--- RECORDS SHOWN Enclosed Below ---
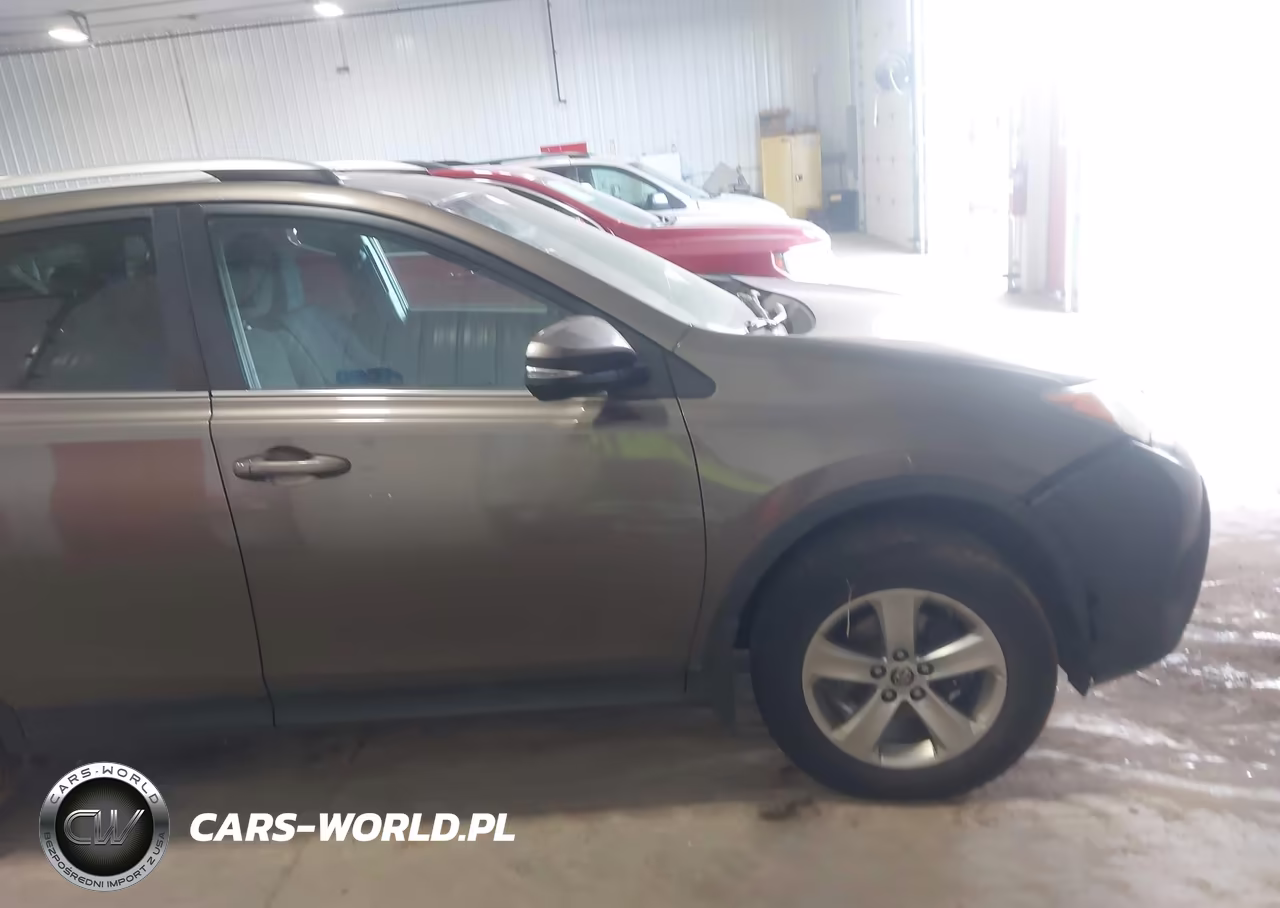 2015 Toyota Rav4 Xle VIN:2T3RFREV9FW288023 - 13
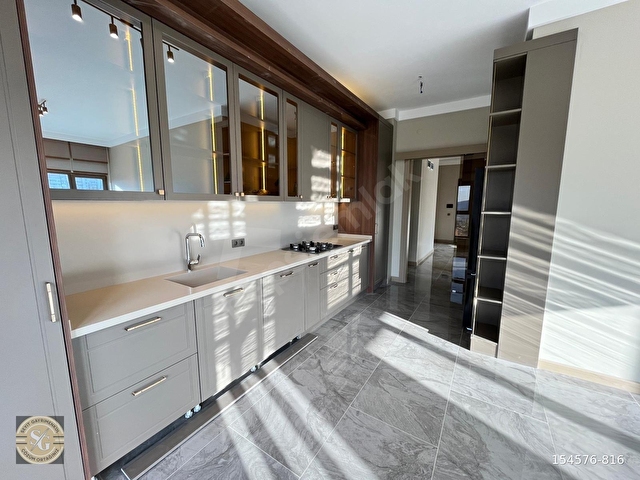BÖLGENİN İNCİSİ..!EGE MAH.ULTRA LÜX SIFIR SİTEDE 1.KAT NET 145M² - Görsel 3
--- End of Enclosed RECORDS SHOWN ---
--- RECORDS SHOWN Enclosed Below ---
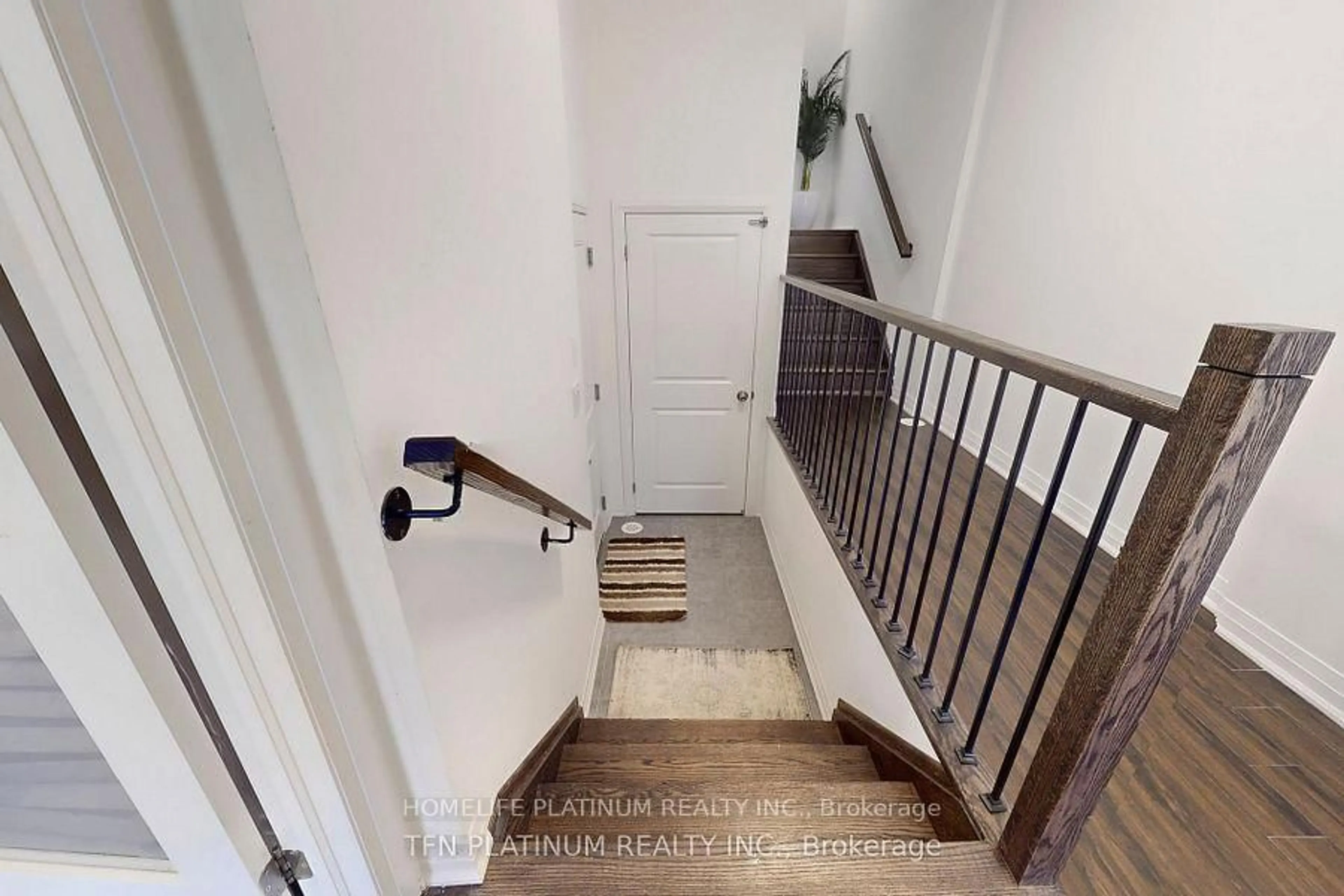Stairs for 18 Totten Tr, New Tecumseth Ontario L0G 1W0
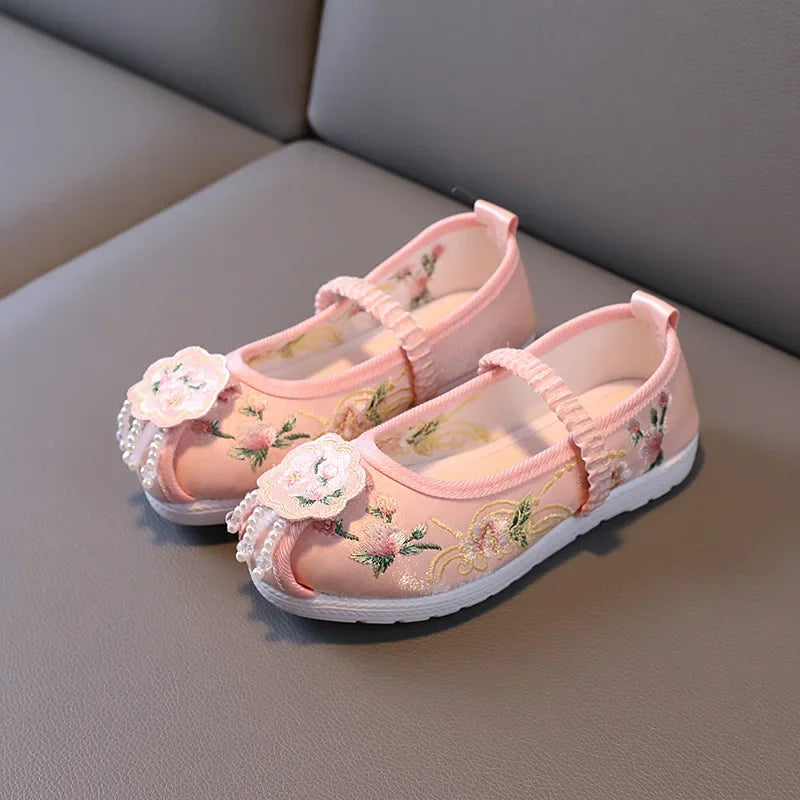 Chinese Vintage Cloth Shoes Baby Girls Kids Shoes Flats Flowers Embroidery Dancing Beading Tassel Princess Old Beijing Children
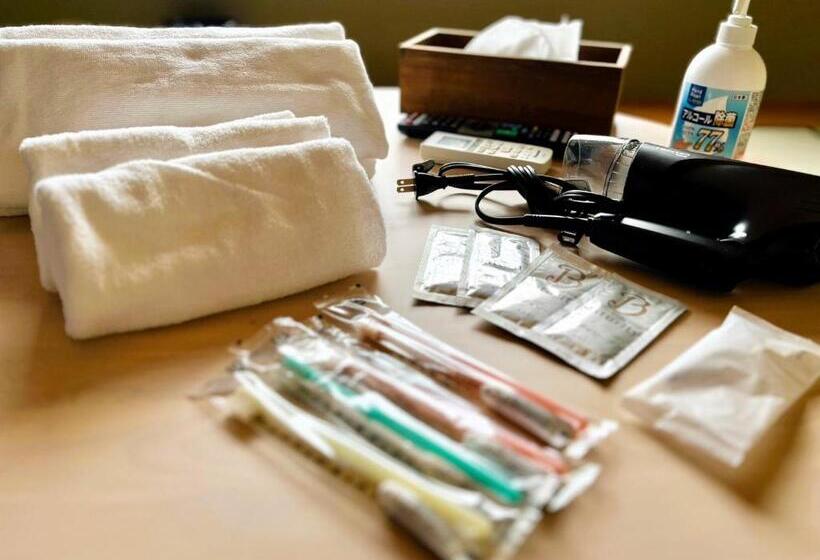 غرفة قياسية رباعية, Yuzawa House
--- End of Enclosed RECORDS SHOWN ---
--- RECORDS SHOWN Enclosed Below ---
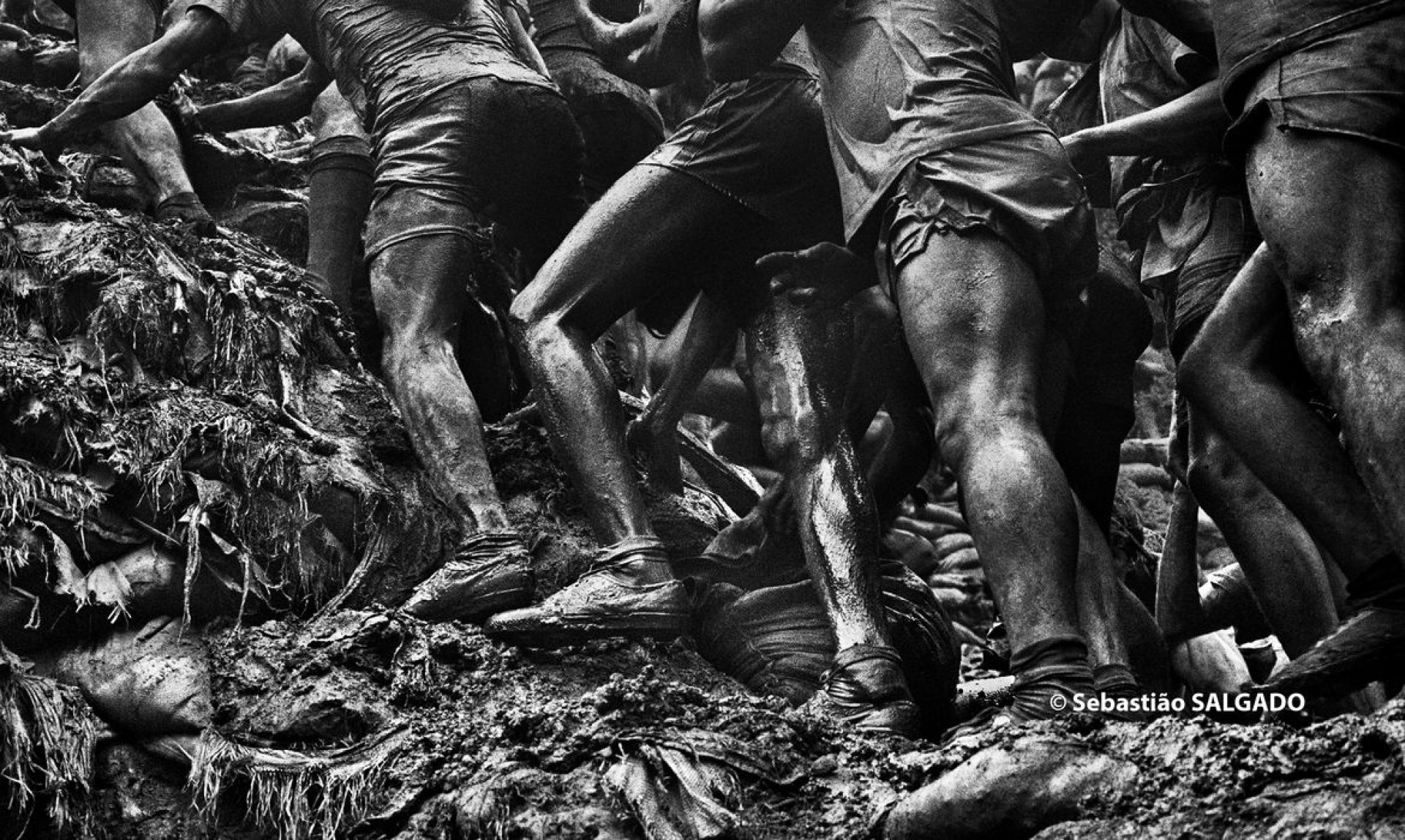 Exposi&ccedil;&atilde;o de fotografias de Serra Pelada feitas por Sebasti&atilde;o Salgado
--- End of Enclosed RECORDS SHOWN ---
▶ [WHAT IS BEING ASKED]:
Using the data above, return the lines from the one holding "Stairs for 18" through the one holding "غرفة قياسية رباعية, Yuzawa House" exactly, but not the pictures.

▶ [SOLVED PROBLEM]:
Stairs for 18 Totten Tr, New Tecumseth Ontario L0G 1W0
 Chinese Vintage Cloth Shoes Baby Girls Kids Shoes Flats Flowers Embroidery Dancing Beading Tassel Princess Old Beijing Children
 غرفة قياسية رباعية, Yuzawa House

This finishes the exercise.